Al-Riyadh
- Full name: Al-Riyadh Saudi Club
- Founded: 1953; 73 years ago
- Ground: Prince Faisal bin Fahd Sports City Stadium
- Capacity: 22,188
- Head coach: Maurício Dulac
- League: Saudi Pro League
- 2025–26: Pro League, 15th of 18
- Website: riyadhclub.sa
| Home colours | Away colours |

= Al-Riyadh SC =

Association football club in Riyadh, Saudi Arabia

Riyadh F.C. or Al-Riyadh (نادي الرياض السعودي) is a professional football club based in Riyadh, Saudi Arabia. It currently plays in the Saudi Pro League (the first tier of professional football in Saudi Arabia). It was established in 1953 as Ahli Al-Riyadh, then changed its name to Al-Yamamah and finally to Al-Riyadh. Best known for its football team, Al-Riyadh also have squads in other sports.

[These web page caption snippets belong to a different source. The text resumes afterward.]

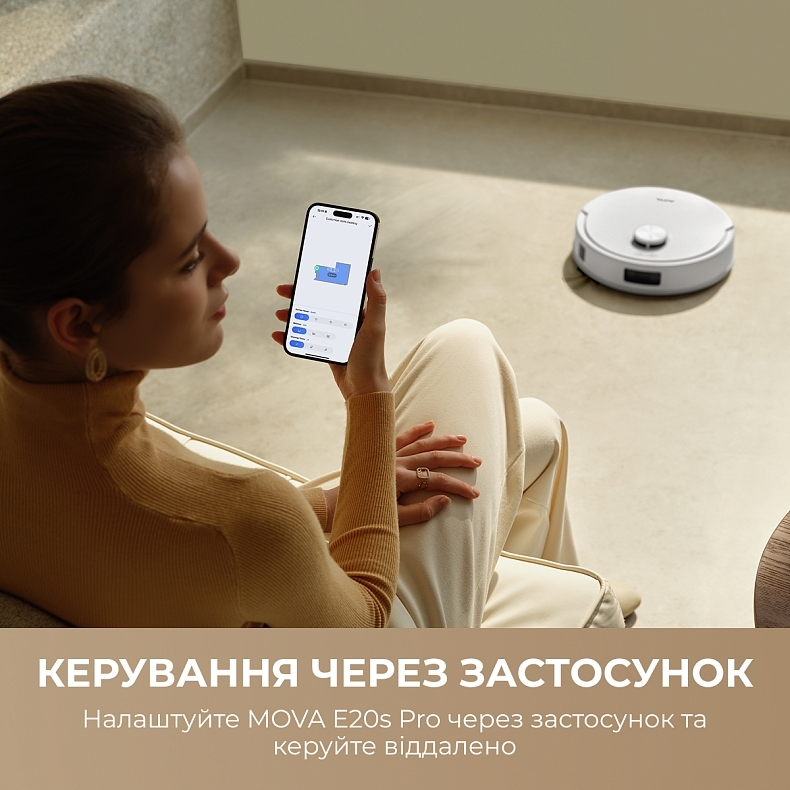 Робот-пылесос Mova E20s Pro Plus-EUA (RLE23SD) фото 8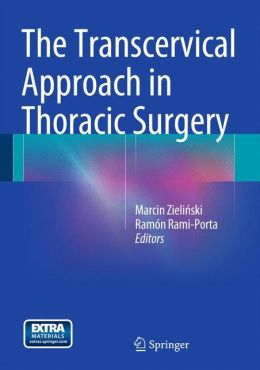 The Transcervical Approach in Thoracic Surgery (PDF) | Medical Books ...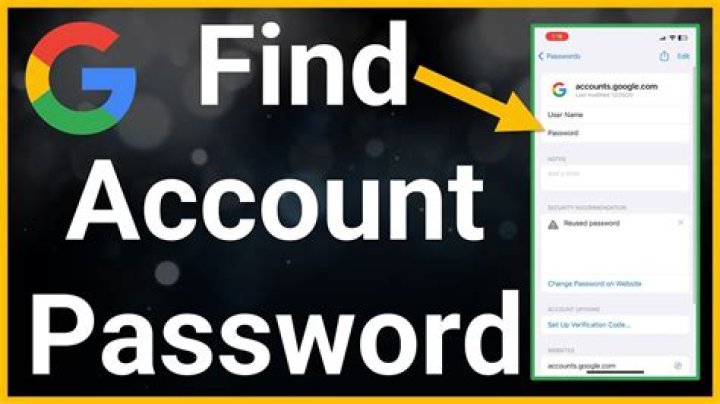 What is my password of Google?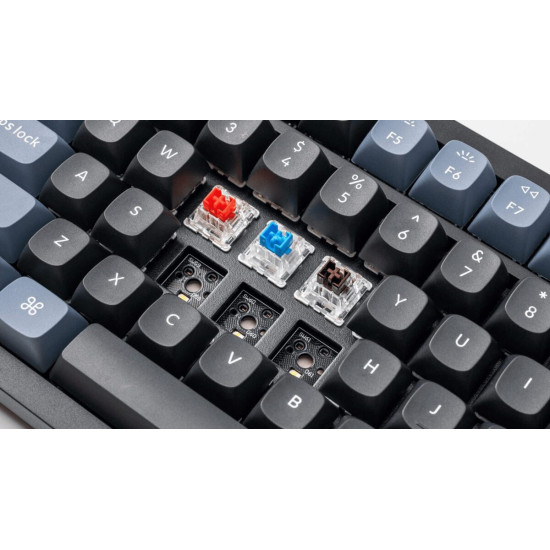 Keychron K4 Pro (K4P-H1) QMK/VIA Wireless Mechanical Keyboard-Red Switch (Hot-Swappable) US Layout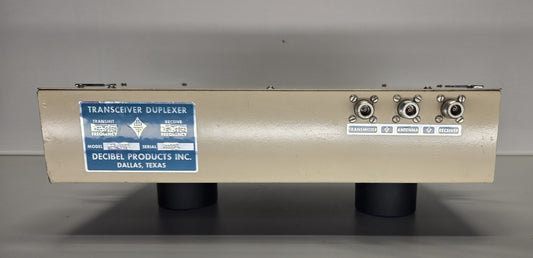Decibel Products DB-4072 Rack Mounted Notch Duplexer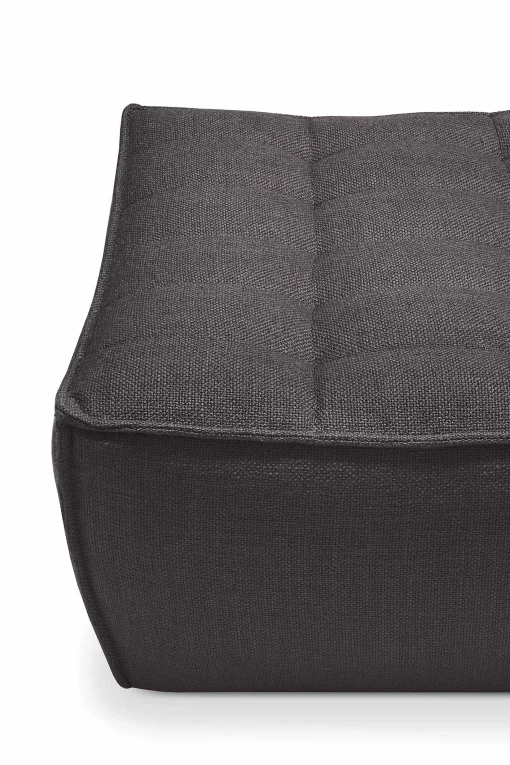 N701 Footstool, Dark Grey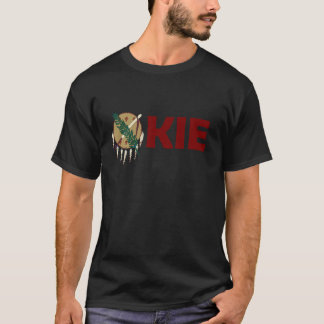 Camiseta Okie com logotipo da bandeira do estado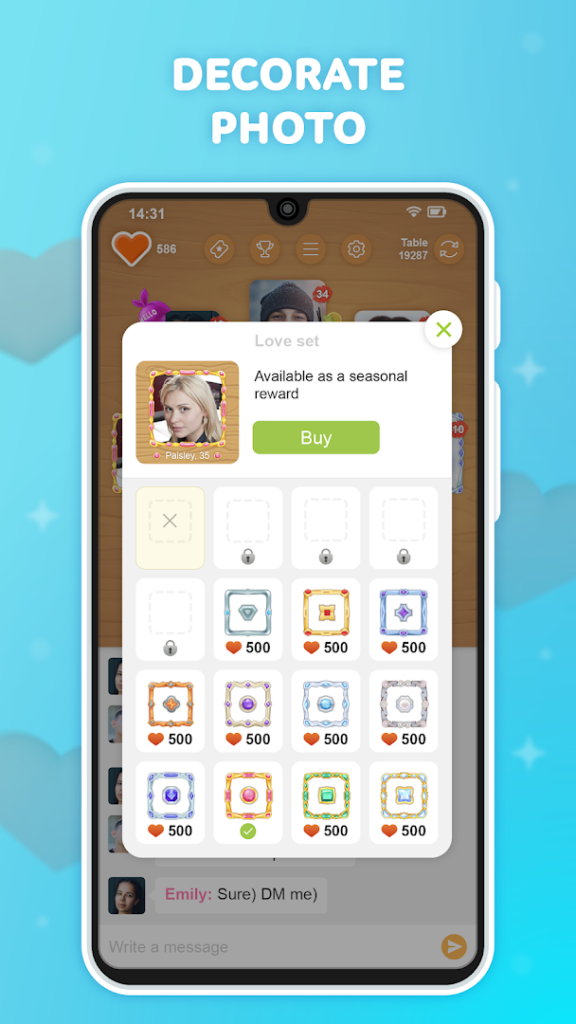 Spin the Bottle: Chatting app screenshot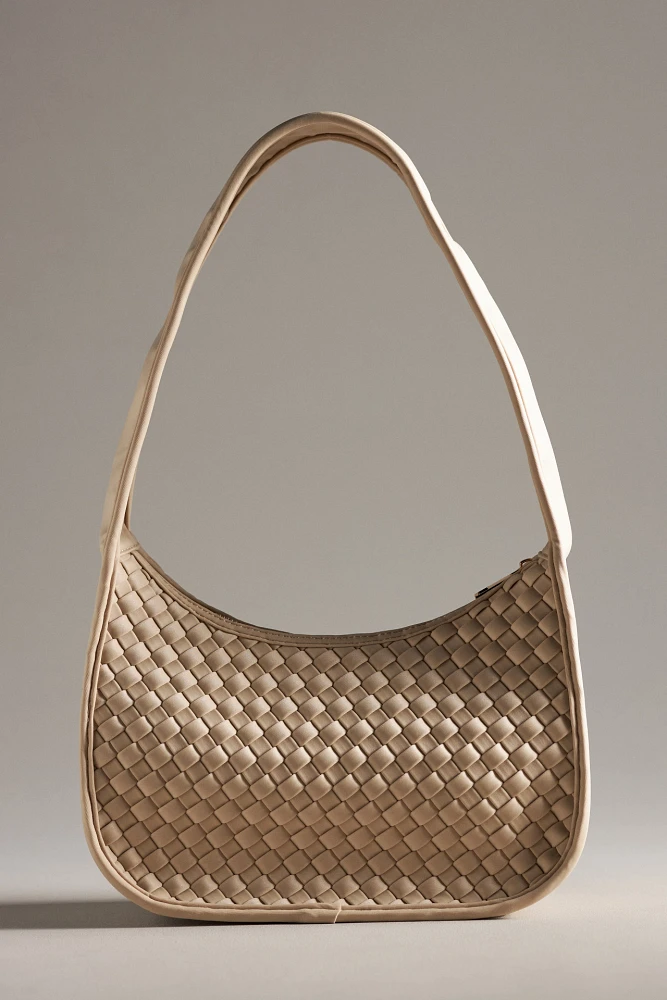 Woven Neoprene Shoulder Bag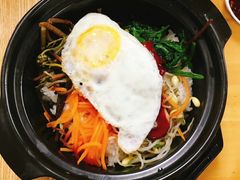 石锅拌饭-屋里家延边朝鲜族冷面(南园店)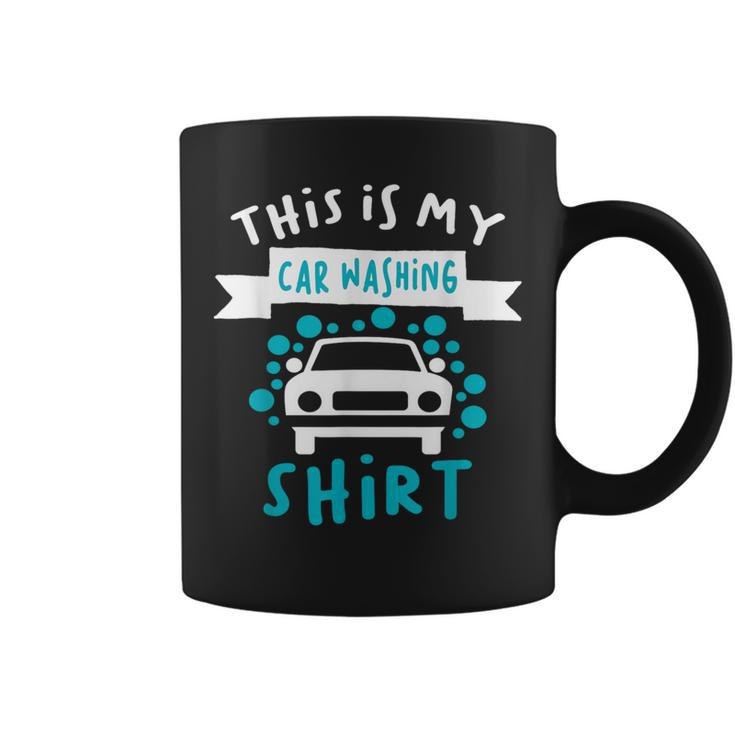 This Is My Car Washing Auto Detailing Car Detailer Coffee Mug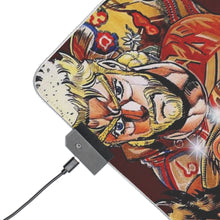 Load image into Gallery viewer, JoJo&#39;s Bizarre Adventure: Stardust Crusaders - Group Shot RGB LED Mouse Pad (Desk Mat)
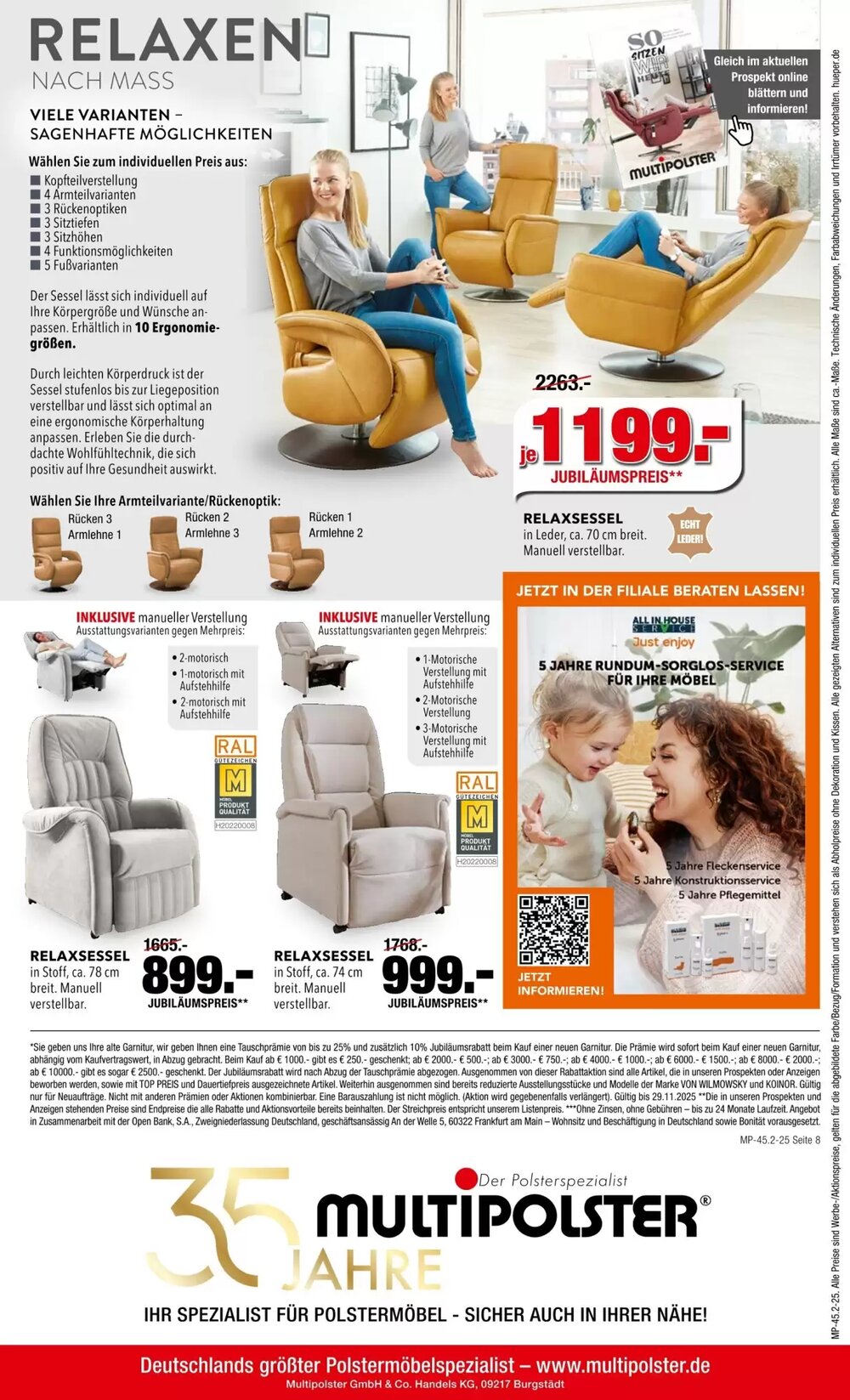 Multipolster Prospekt (ab 17.11.2025) zum Blättern - Seite 8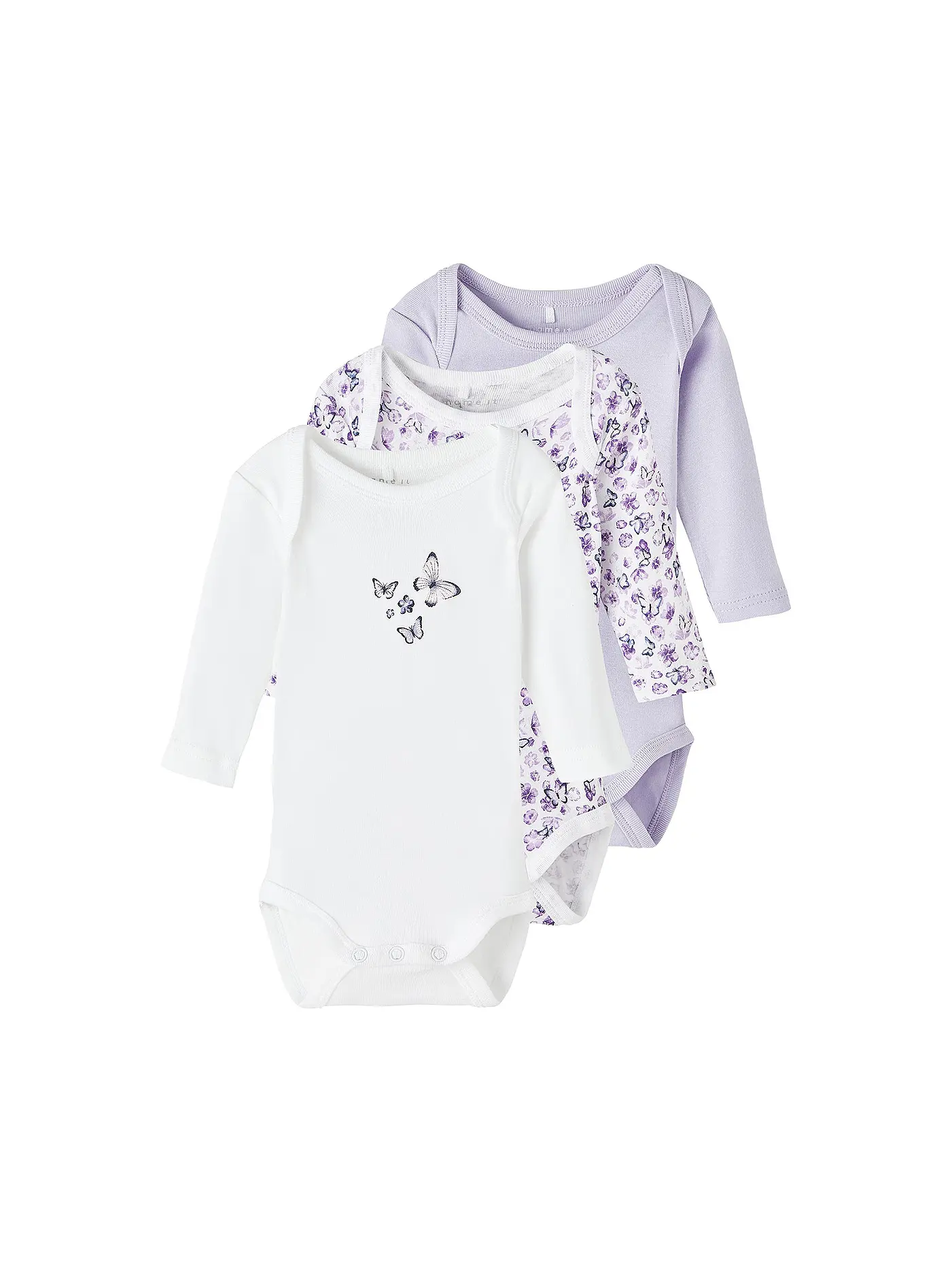 NAME IT | Baby Body 3er Pkg | 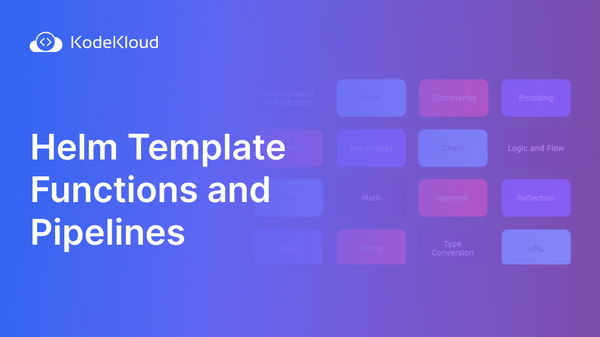 Helm Template Functions and Pipelines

Al-Riyadh have won one major title: the Crown Prince Cup in 1994. The team also finished as runners-up in the Saudi Premier League in 1994; they have never won the top league.

Al-Riyadh was promoted to the Saudi Pro League in 2023.

== History ==

=== Early history ===
The club was founded in 1953 under the name "Ahli Al-Riyadh", before changing to "Al-Yamama" and then to "Al-Riyadh." It is currently based in west Riyadh. They reached the final of the Kings Cup in 1962 and 1978, but triumphed on neither occasion.

===Golden era===
Al-Riyadh was promoted to the Saudi Premier League at the end of the 1988/89 season after winning the Saudi First Division League.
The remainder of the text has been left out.